Key Insight: The persona adapts over time. If vero-eval (which we'll integrate next) shows poor performance, these thresholds shift to require more evidence before responding.

Part 5: Integrating vero-eval for Rigorous Testing

This is where the magic happens. vero-eval provides production-grade evaluation that goes far beyond simple accuracy metrics. It tests edge cases, persona stress scenarios, and real-world failure modes.

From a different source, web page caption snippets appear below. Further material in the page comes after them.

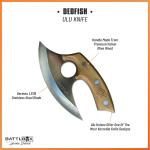7" Stainless Steel Ulu Knife with Olive Handle
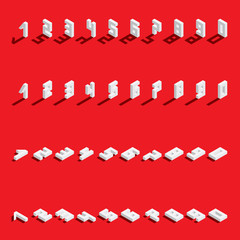 Vector set with isometric numbers from 1 to 9 and 0 in various foreshortening. White digits with fallen shadow on bright red background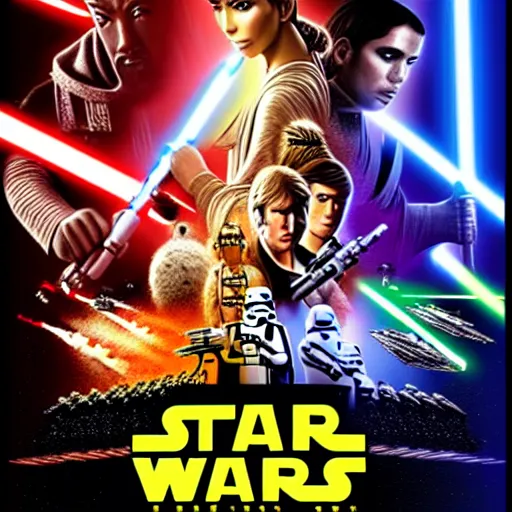 Image similar to super detailed star wars movie poster with Jesus Christ and kim kardashian, 8k full HD photo, cinematic lighting, anatomically correct, oscar award winning, action filled, correct eye placement,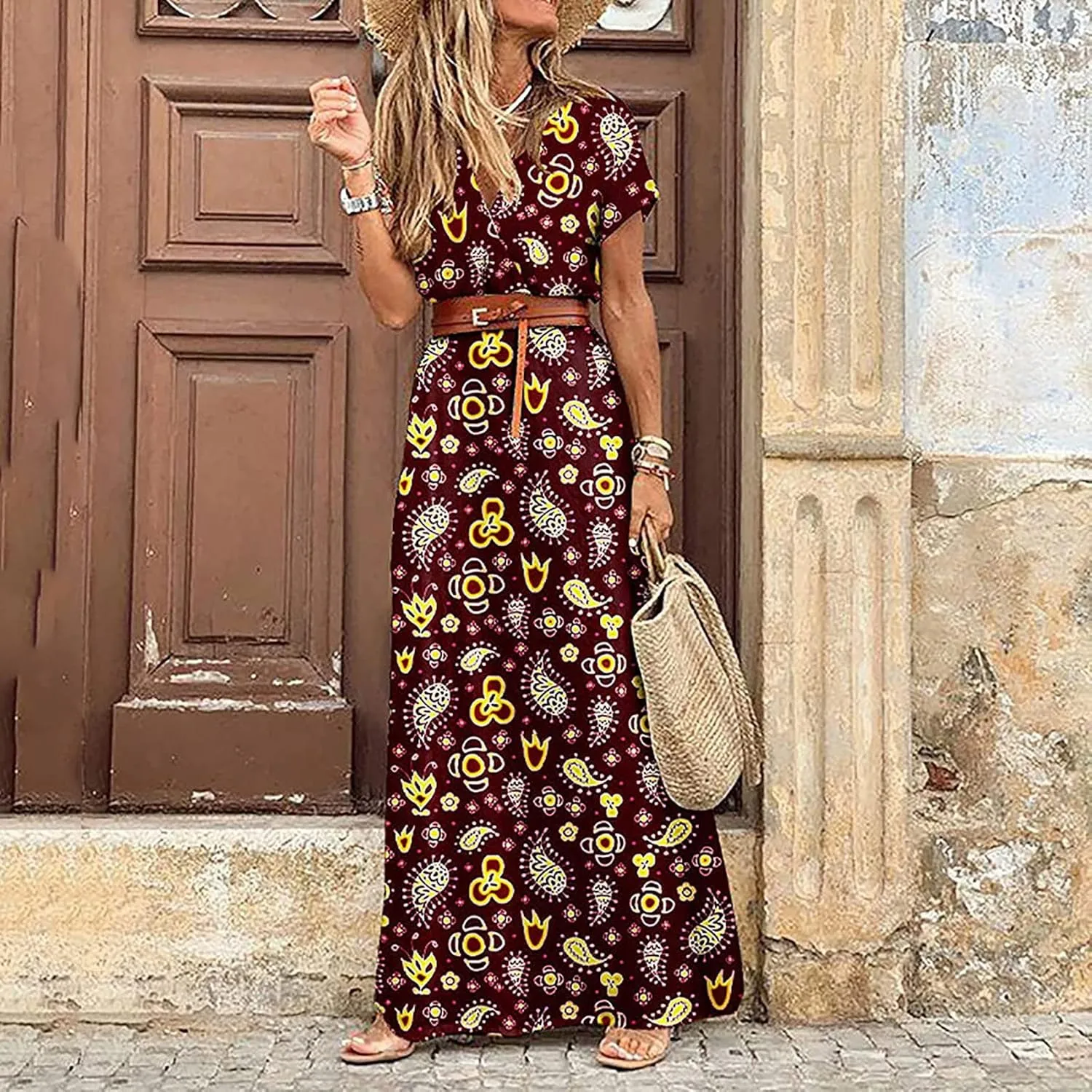 Women's 2025 Summer Boho Dresses Floral Short Sleeve Maxi Dress Sexy V Neck Swing Dress Slit Long Dresses Sundresses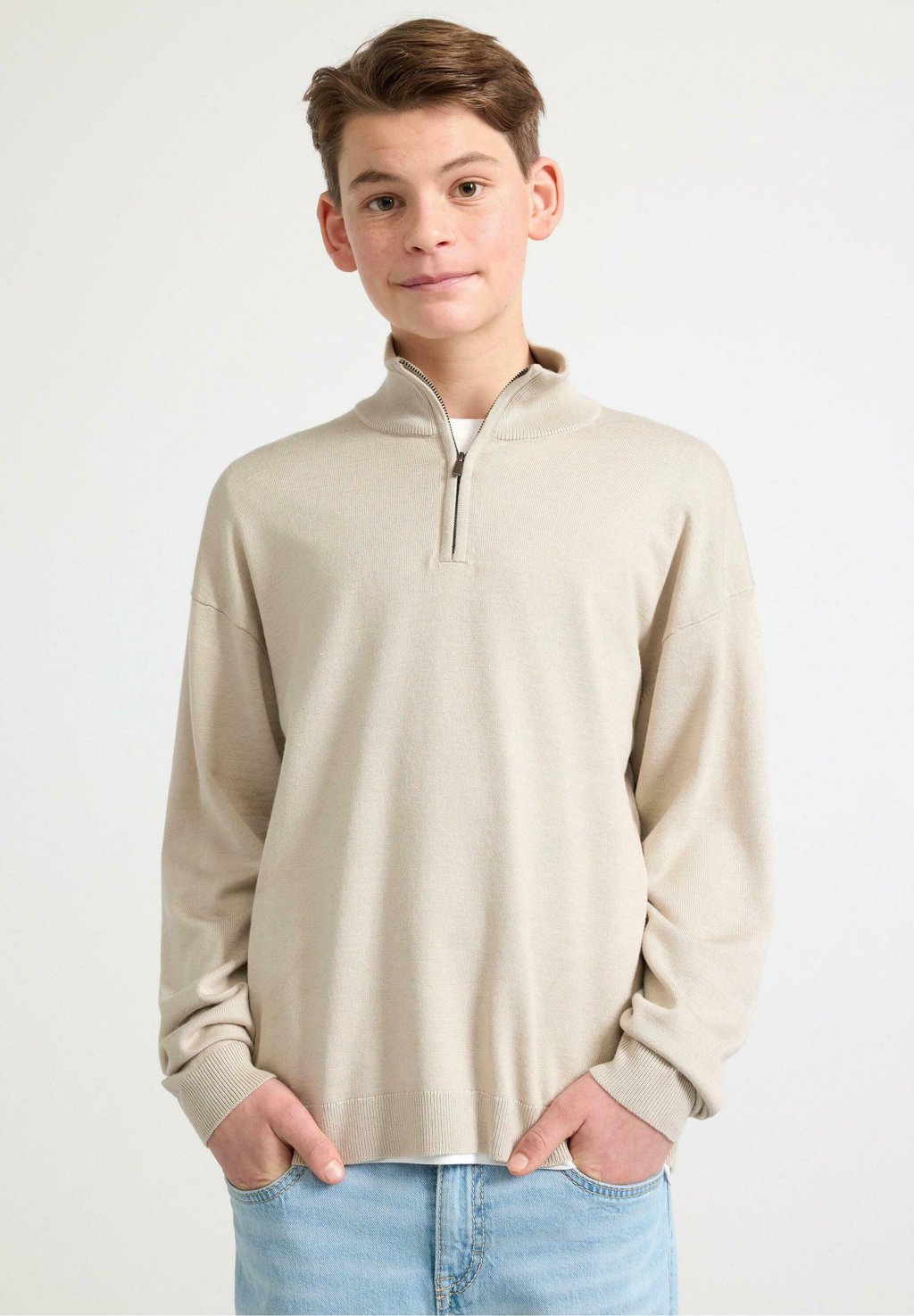 

Вязаный свитер HALF-ZIP Lindex, цвет light beige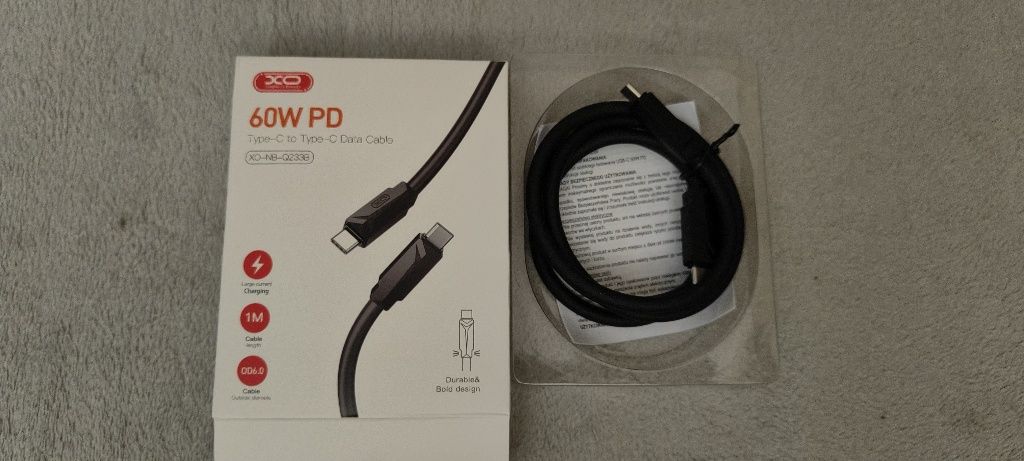 Kabel do szybkiego ładowania USB -C do USB-C.GO 60W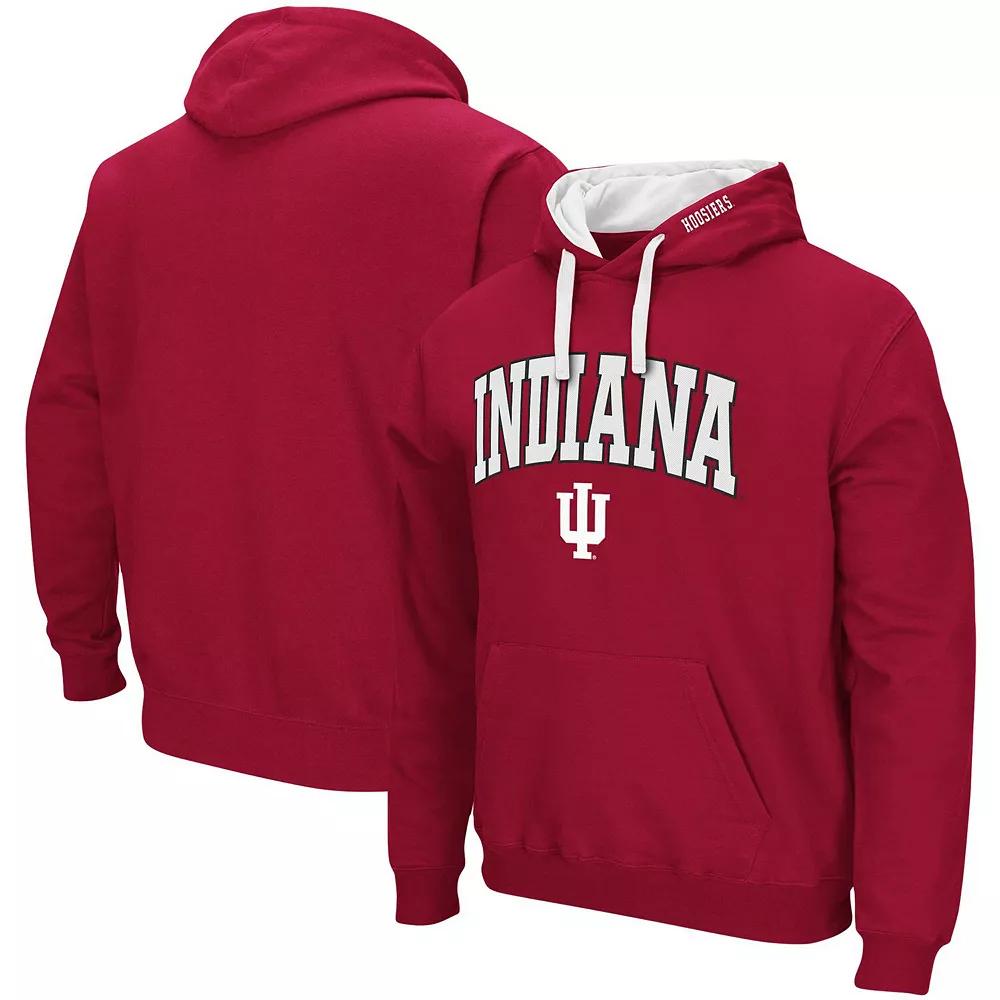 Men's Colosseum Crimson Indiana Hoosiers Big & Tall Arch & Logo 2.0 Pullover Hoodie,  Product Image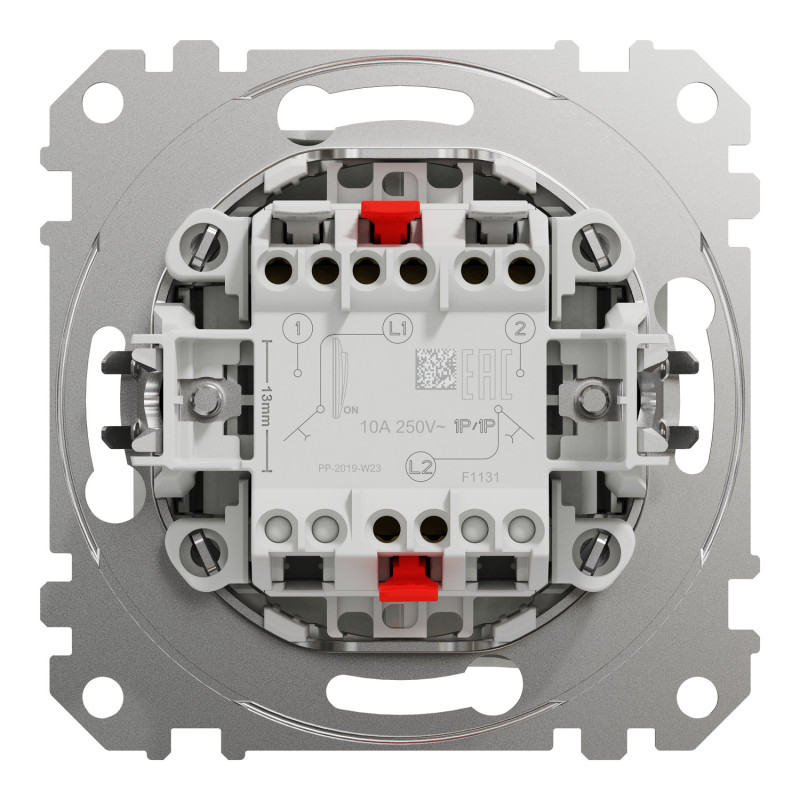 Кнопочный двухклавишный выключатель Белый 73х73х37mm ABS-UV [SDD111118] Sedna Design & Elements Schneider Electric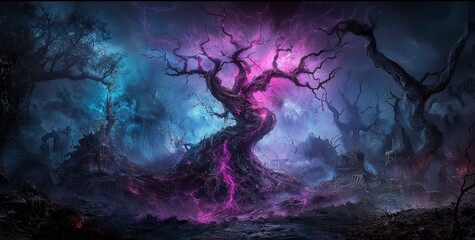 Celestial warrior's journey through a forgotten land enchanted forest fantasy art dark atmosphere epic quest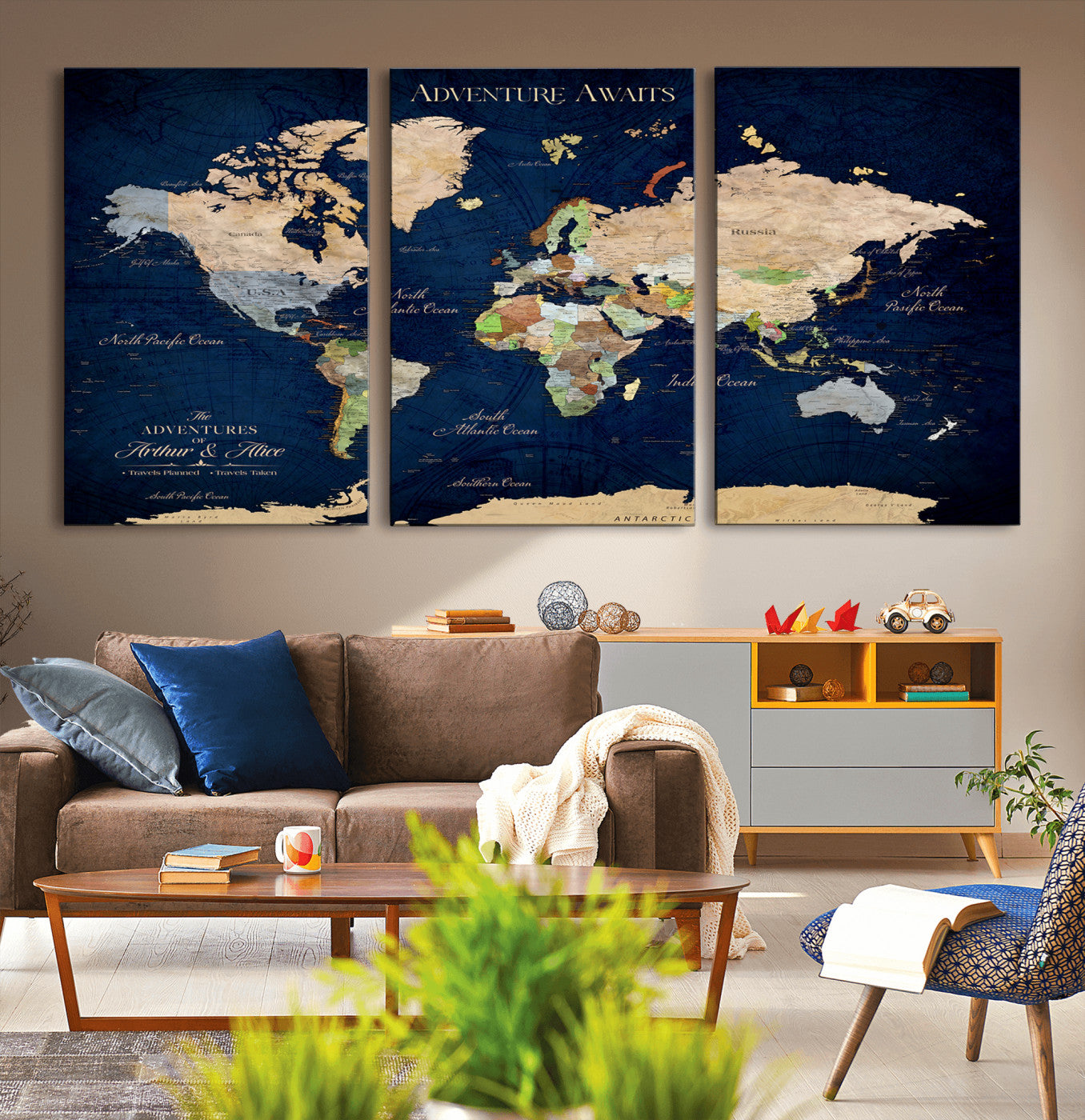43160428-MGV-CV-36X24-Adventure Awaits Navy Blue World Map – Vibrant Travel Canvas Wall Art, Antique Atlas Print, Wanderlust Decor for Home Office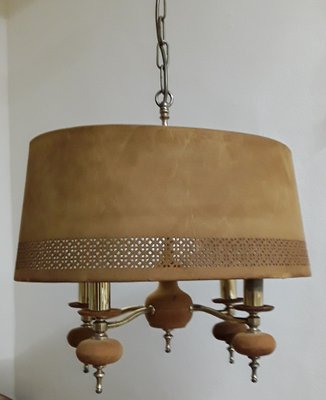 Vintage Ceiling Lamp with Brass Frame, 1970s-HOI-1758287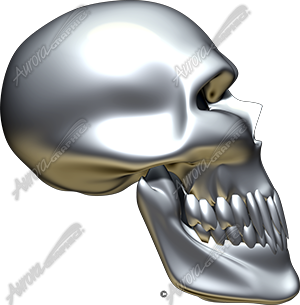 Chrome Skull Side Vehicle Wrap Design — Large Scale Artwork for Wide Format Printing | Categories: Skulls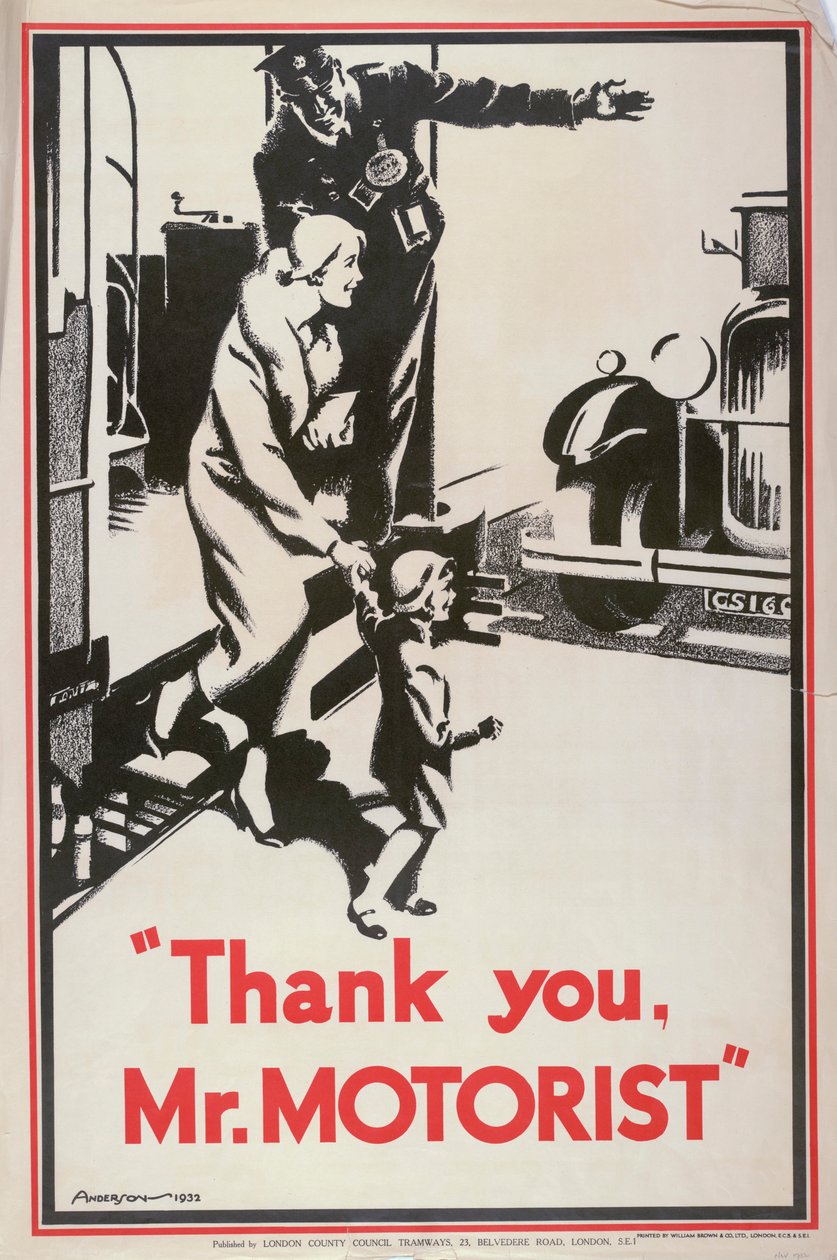 „Děkuji, pane motoriste“, plakát LCC Tramways London County Council, 1932 od JS Anderson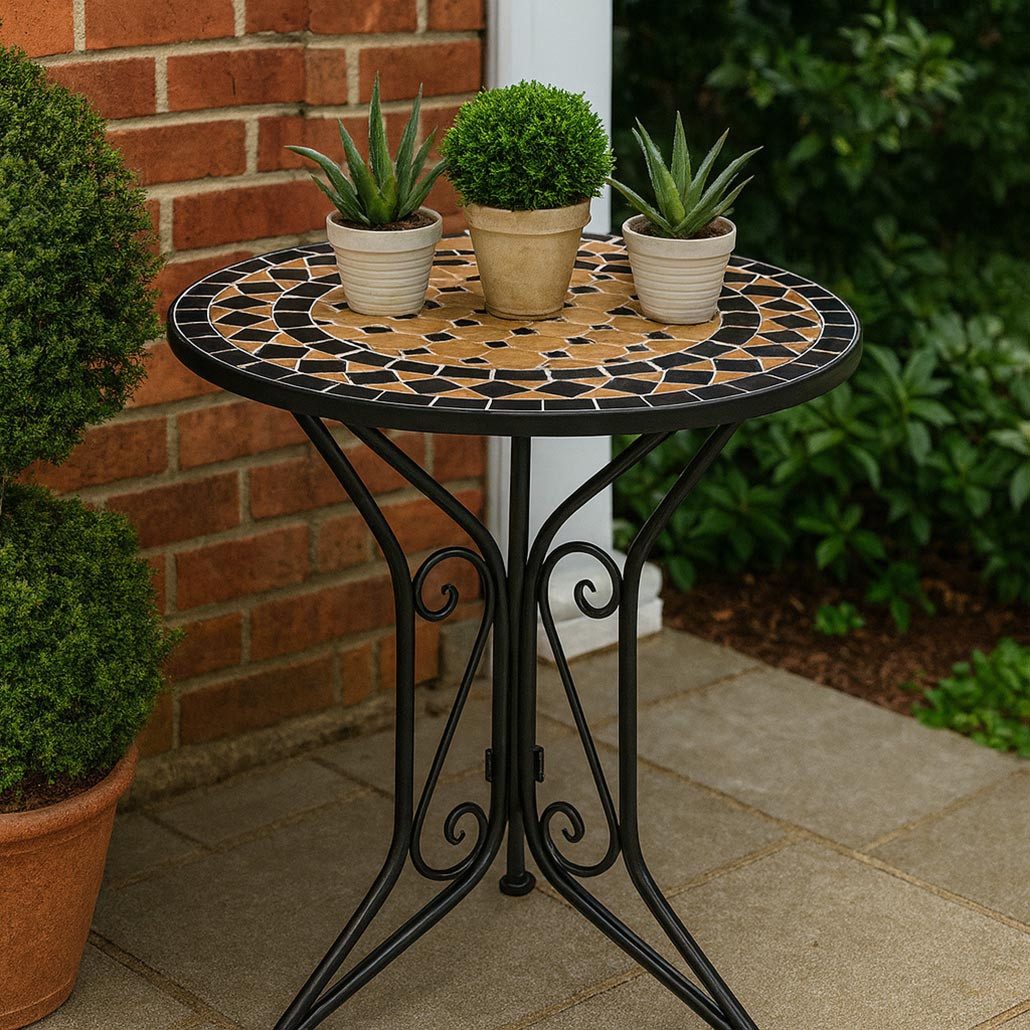 Kobolo Beistelltisch Gartentisch Tisch Esstisch Mediterran mit Platte mit Mosaik (kombinierbar, 1-St., 1 Tisch), Höhe 71 cm Durchmesser 61 cm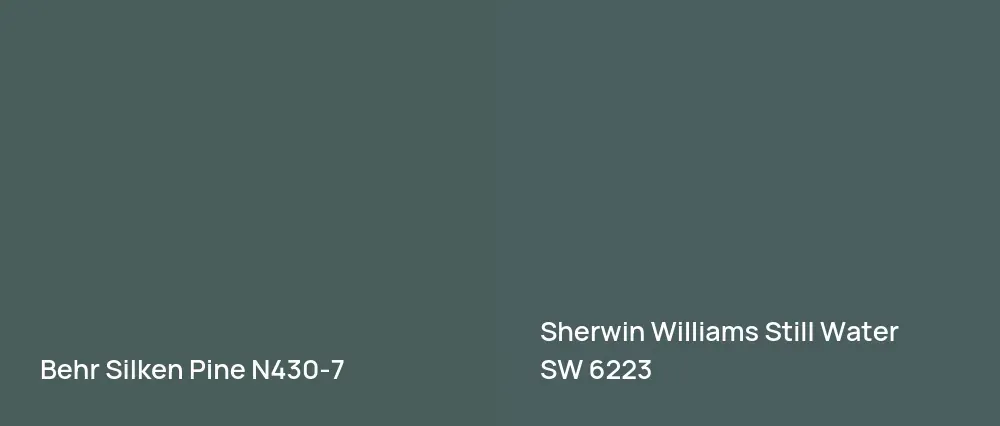 Behr Silken Pine N430-7 vs Sherwin Williams Still Water SW 6223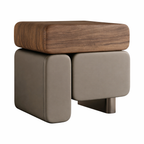 Designer Bedside Table in Walnut Look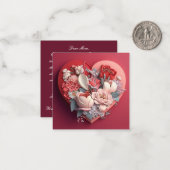 Carte De Correspondance Fête des mères Coeur floral (Devant/Arrière en situation)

vero-eval Testing Framework for AI Research Assistant

Installing and Configuring vero-eval

# Install vero-eval
pip install vero-eval

# Initialize evaluation directory
mkdir -p evaluation/datasets evaluation/results

Generating a Research-Specific Test Dataset

vero-eval can generate test datasets tailored to your domain:

# evaluation/generate_test_dataset.py

from vero.test_dataset_generator import generate_and_save
from pathlib import Path

def generate_research_test_dataset():
    """
    Generate challenging test queries for research assistant.
    vero-eval creates persona-based edge cases automatically.
    """
    
    # Point to your research papers directory
    data_path = Path('data/research_papers')
    
    # Define the use case
    use_case = """
    This is a research assistant that helps academics:
    - Find relevant papers on specific topics
    - Understand connections between research areas
    - Get summaries of complex papers
    - Discover citation networks
    - Answer technical questions about methodologies
    
    Edge cases to test:
    - Queries about very recent papers (after knowledge cutoff)
    - Multi-hop reasoning (papers that cite papers that discuss X)
    - Ambiguous author names
    - Requests for specific experimental results
    - Cross-domain queries (e.g., physics papers relevant to biology)
    """
    
    # Generate dataset with persona variations
    generate_and_save(
        data_path=str(data_path),
        usecase=use_case,
        save_path_dir='evaluation/datasets/research_assistant_v1',
        n_queries=150,  # Generate 150 test queries
        
        # Persona variations
        personas=[
            {
                'name': 'PhD Student',
                'characteristics': 'Detail-oriented, asks follow-up questions, wants methodology details'
            },
            {
                'name': 'Senior Researcher',
                'characteristics': 'Broad queries, interested in connections, asks about citations'
            },
            {
                'name': 'Industry Practitioner',
                'characteristics': 'Practical focus, wants applicable results, less theory'
            }
        ],
        
        # vero-eval will use Ollama for generation
        llm_provider='ollama',
        model_name='mistral'
    )
    
    print("✓ Generated test dataset with persona variations")
    print("  Check: evaluation/datasets/research_assistant_v1/")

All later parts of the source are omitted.